■ **Task description**: Write out again only the lines between the one with "Скриншот 2 из Ozmafia!! 0 Reflexion" and the end of the records below, both ends counted, and don't include the pictures.

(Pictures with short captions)

◆ ◆ ◆ ◆

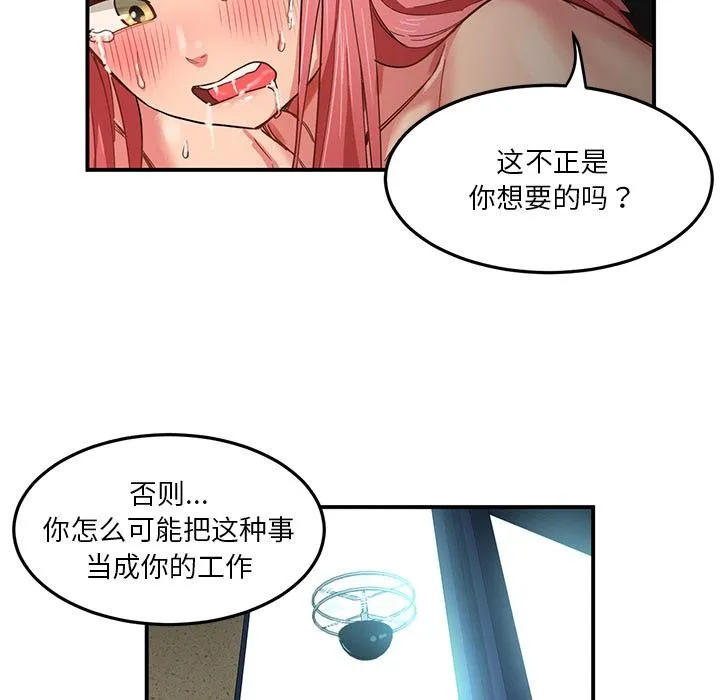 她的直播间 第2话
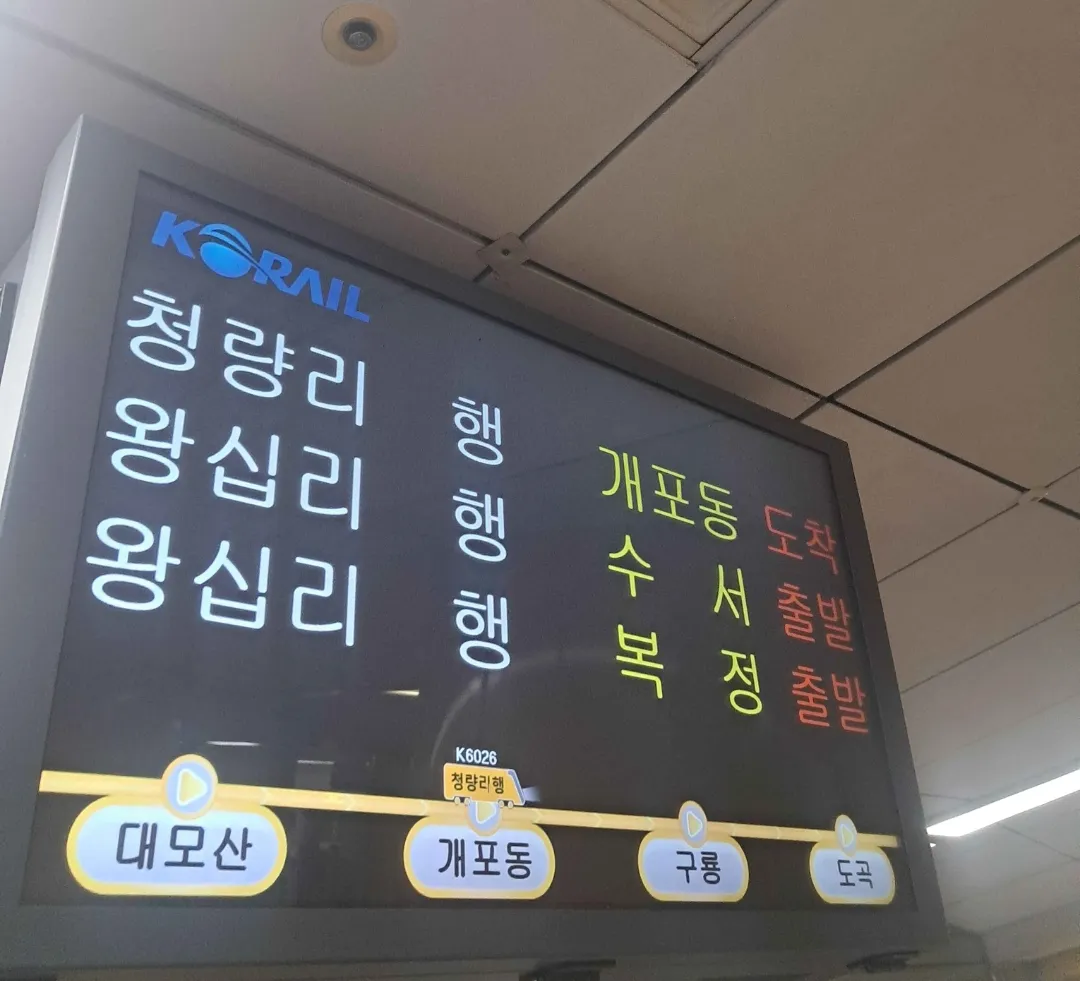 파일:도곡역 LCD.png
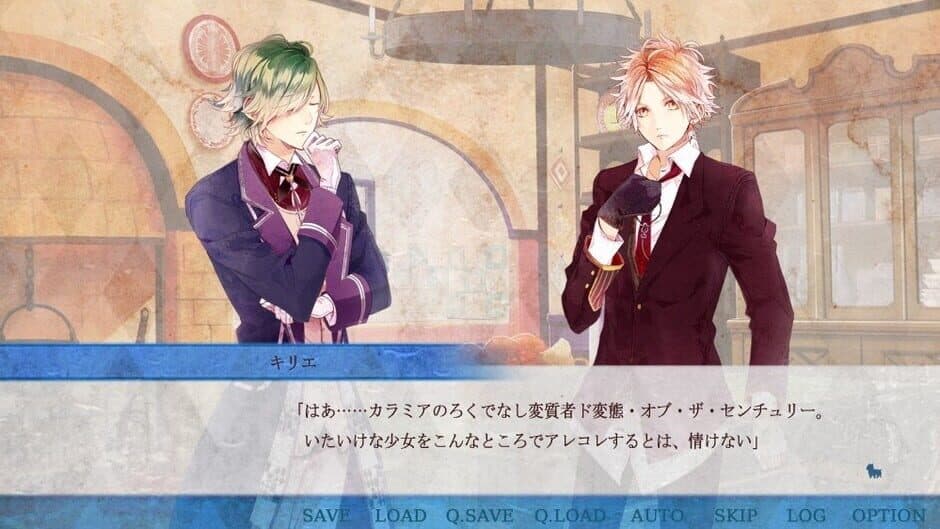 Скриншот 2 из Ozmafia!! 0 Reflexion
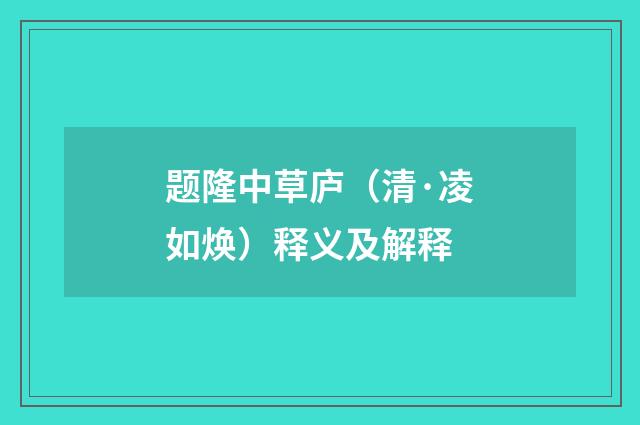 题隆中草庐（清·凌如焕）释义及解释
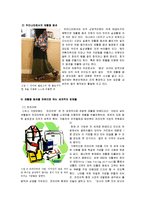 패션과 문화 - 친환경주의와 패션-4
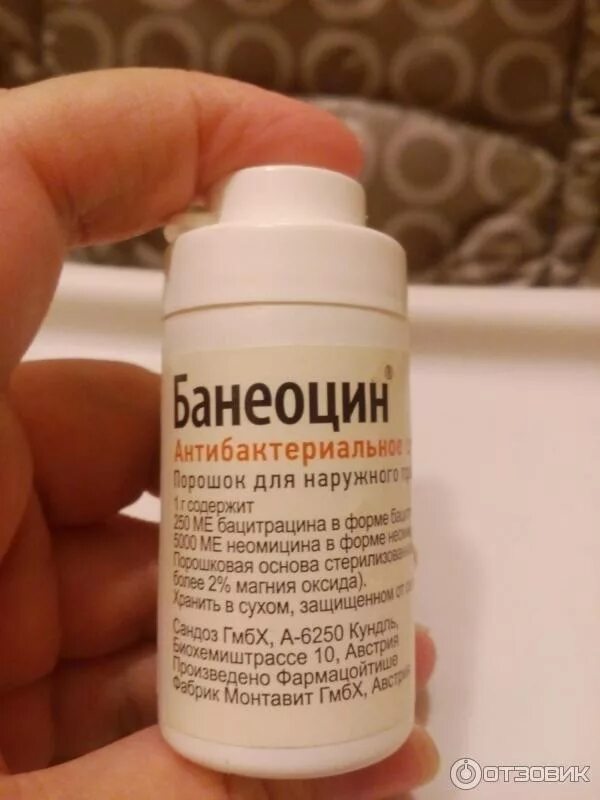 Порошок антибиотик для заживления ран. Присыпка с антибиотиком для заживления ран. Банеоцин (пор. Антибиотик порошок банеоцин. Антибиотик порошок банеоцин.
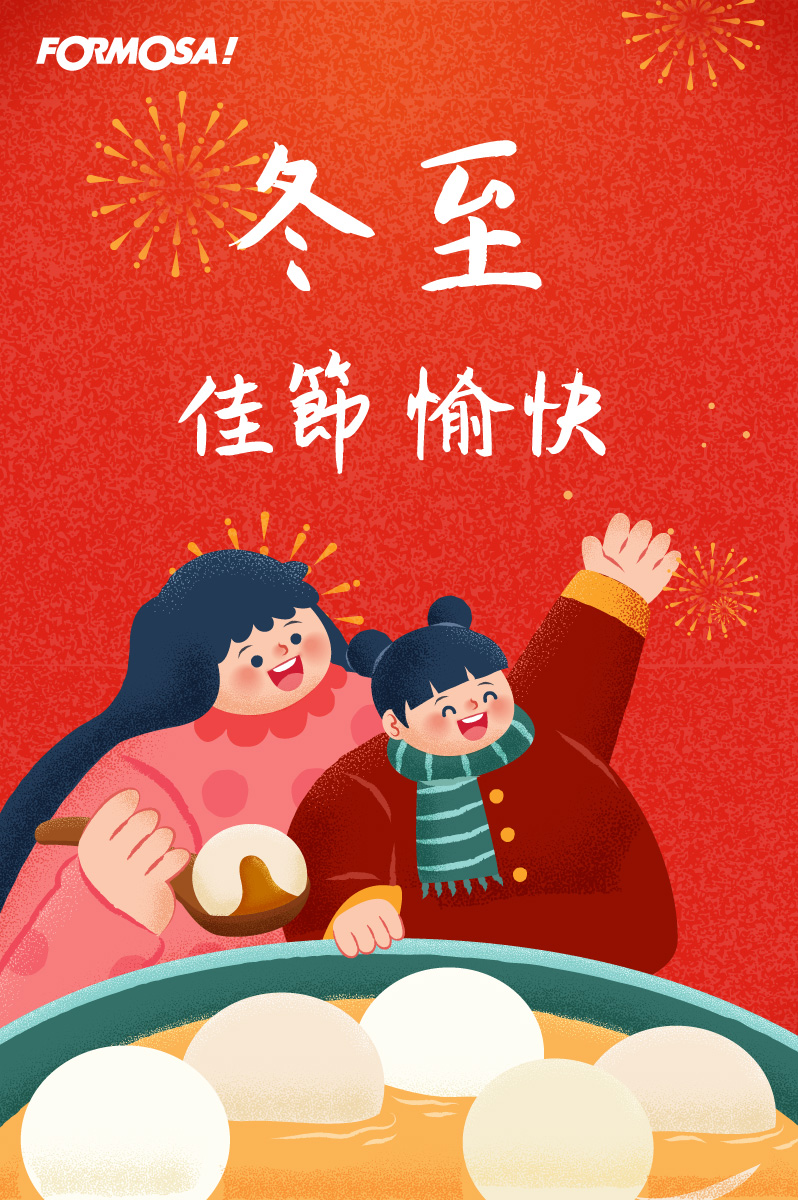 長輩圖！LINE長輩圖免費下載-FORMOSA！貼圖酷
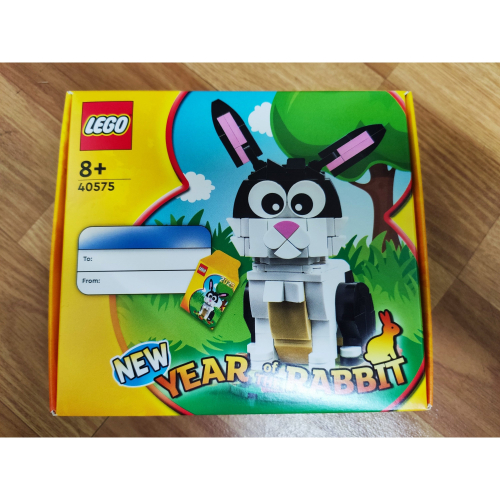 LEGO 樂高 兔年生肖 40575 全新未拆 雙北面交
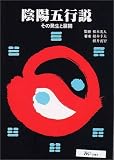 陰陽五行説―その発生と展開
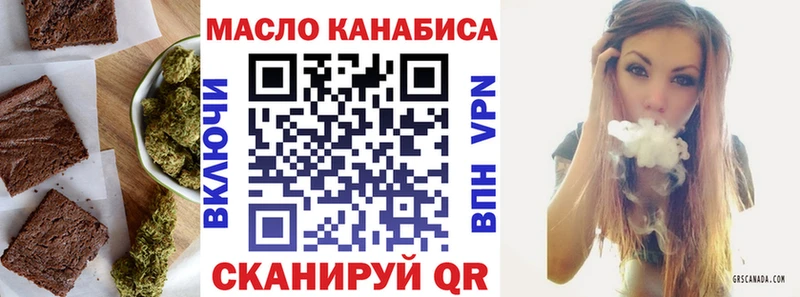 Еда ТГК марихуана  МЕГА зеркало  Шарья 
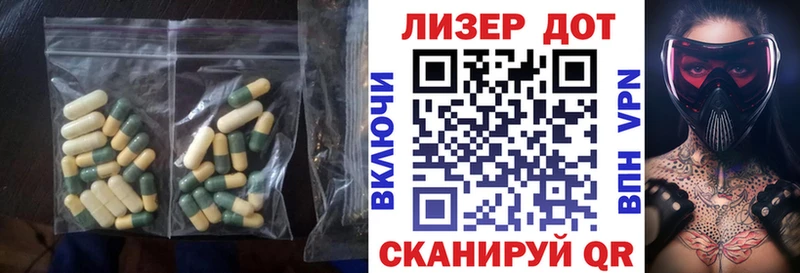 кракен ССЫЛКА  как найти наркотики  Жиздра  LSD-25 экстази ecstasy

◆ ◆ ◆ ◆

■ **Your solution**:
 Скриншот 2 из Ozmafia!! 0 Reflexion
 题隆中草庐（清·凌如焕）释义及解释
 패션과 문화 - 친환경주의와 패션-4
 Порошок антибиотик для заживления ран. Присыпка с антибиотиком для заживления ран. Банеоцин (пор. Антибиотик порошок банеоцин. Антибиотик порошок банеоцин.
 長輩圖！LINE長輩圖免費下載-FORMOSA！貼圖酷
 LEGO 樂高 兔年生肖 40575 全新未拆 雙北面交
 陰陽五行説―その発生と展開
 Еда ТГК марихуана  МЕГА зеркало  Шарья 
 кракен ССЫЛКА  как найти наркотики  Жиздра  LSD-25 экстази ecstasy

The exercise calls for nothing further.